21 Ottobre 2025 – Revoca delle dimissioni del lavoratore durante il periodo di prova

Revoca delle dimissioni del lavoratore durante il periodo di prova

La Corte di Cassazione, con ordinanza n. 24991 del 11 settembre 2025, ha stabilito che il lavoratore può legittimamente revocare entro sette giorni le dimissioni rassegnate durante il periodo di prova, ripristinando in tal modo il rapporto di lavoro.

Nel caso esaminato dalla Corte il lavoratore, assunto in data 4 settembre 2019, dopo appena un giorno dall’inizio del periodo di prova aveva rassegnato le proprie dimissioni, salvo poi ripensarci e provvedere in data 12 settembre 2019 a revocarle.

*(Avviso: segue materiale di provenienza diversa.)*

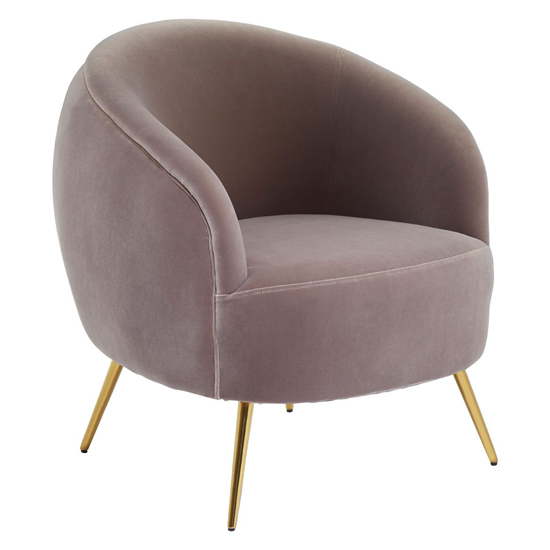 Intercrus Upholstered Velvet Armchair In Mink And Gold_2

Al fine di comprendere la portata della decisione della Corte di Cassazione va ricordato che, ai sensi dell’art. 26, D.Lgs. n. 151/2015 la validità delle dimissioni è subordinata alla presentazione in forma telematica, utilizzando i moduli resi disponibili dal Ministero del Lavoro e delle Politiche Sociali; ciò al fine di garantire la genuinità della volontà del lavoratore e arginare il fenomeno delle cd. dimissioni in bianco. Proprio a tal fine l’art. 26 prevede anche la facoltà del lavoratore di revocare entro sette giorni, con le medesime modalità, le dimissioni già rassegnate.

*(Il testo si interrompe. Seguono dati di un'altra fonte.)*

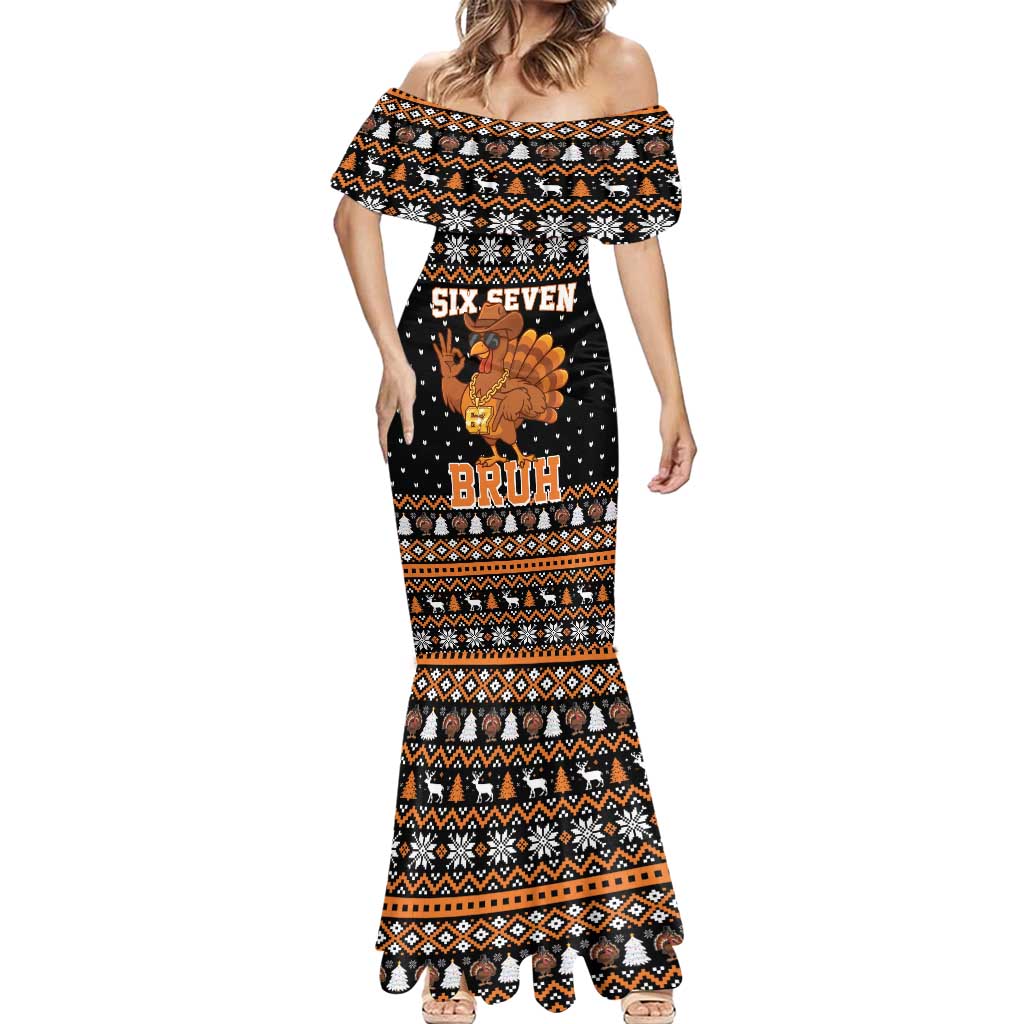 Thanksgiving Turkey Six Seven Bruh Mermaid Dress Meme Gen Alpha Slang - Wonder Print Shop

L’art. 26, D.Lgs. n. 151/2015 espressamente esclude dal proprio ambito di applicazione le ipotesi di cui all’art. 55, c. 4, D.Lgs. 151/2001, il lavoro domestico, le dimissioni intervenute in seda protetta (di cui all’art. 2113, c. 4, c.c.) o avanti alle commissioni di certificazione (di cui all’art. 76, D.Lgs. n. 276/2003) e i rapporti di lavoro alle dipendenze di amministrazioni pubbliche di cui all’art. 1, c. 2, D.Lgs. n. 165/2001.

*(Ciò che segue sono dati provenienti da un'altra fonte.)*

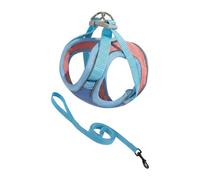 Sangle de Harnais en suède Anti-Fuite pour Chien, avec Garniture réfléchissante Haute visibilité, pour Les promenades Nocturnes en Toute sécurité, Les Chats utilisent Un Gilet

Nulla è stato previsto dal legislatore in merito al recesso esercitato dal lavoratore durante il periodo di prova. Nel silenzio della legge, quindi, il Ministero del Lavoro e delle Politiche Sociali con Circolare n. 12 del 4 marzo 2016 ha ritenuto escluse dalla procedura telematica prevista dall’art. 26, D.Lgs. n. 151/2015 le dimissioni rassegnate dal lavoratore durante il periodo di prova.

Tale interpretazione è stata disattesa dalla Corte di Cassazione che, con la ordinanza in esame, si è espressa in senso opposto, affermando che la procedura telematica di revoca delle dimissioni nel termine di sette giorni trova applicazione anche al recesso esercitato dal lavoratore durante il periodo di prova.

Invero, secondo l’iter argomentativo della Corte di Cassazione, le eccezioni contemplate dall’art. 26, D.Lgs. n. 151/2015 hanno carattere tassativo e non consentono, di conseguenza, una estensione ad ipotesi non espressamente contemplate (quali il recesso esercitato durante il periodo di prova).

Inoltre, sempre secondo quanto affermato dalla Corte di Cassazione, le circolari ministeriali (quali la Circolare n. 12/2016) sono meri atti interni all’amministrazione che, come tali, orientano gli uffici al fine di uniformarne l’operato, ma che non hanno alcun potere di limitare i diritti dei cittadini e né tantomeno di vincolare l’interpretazione giudiziale.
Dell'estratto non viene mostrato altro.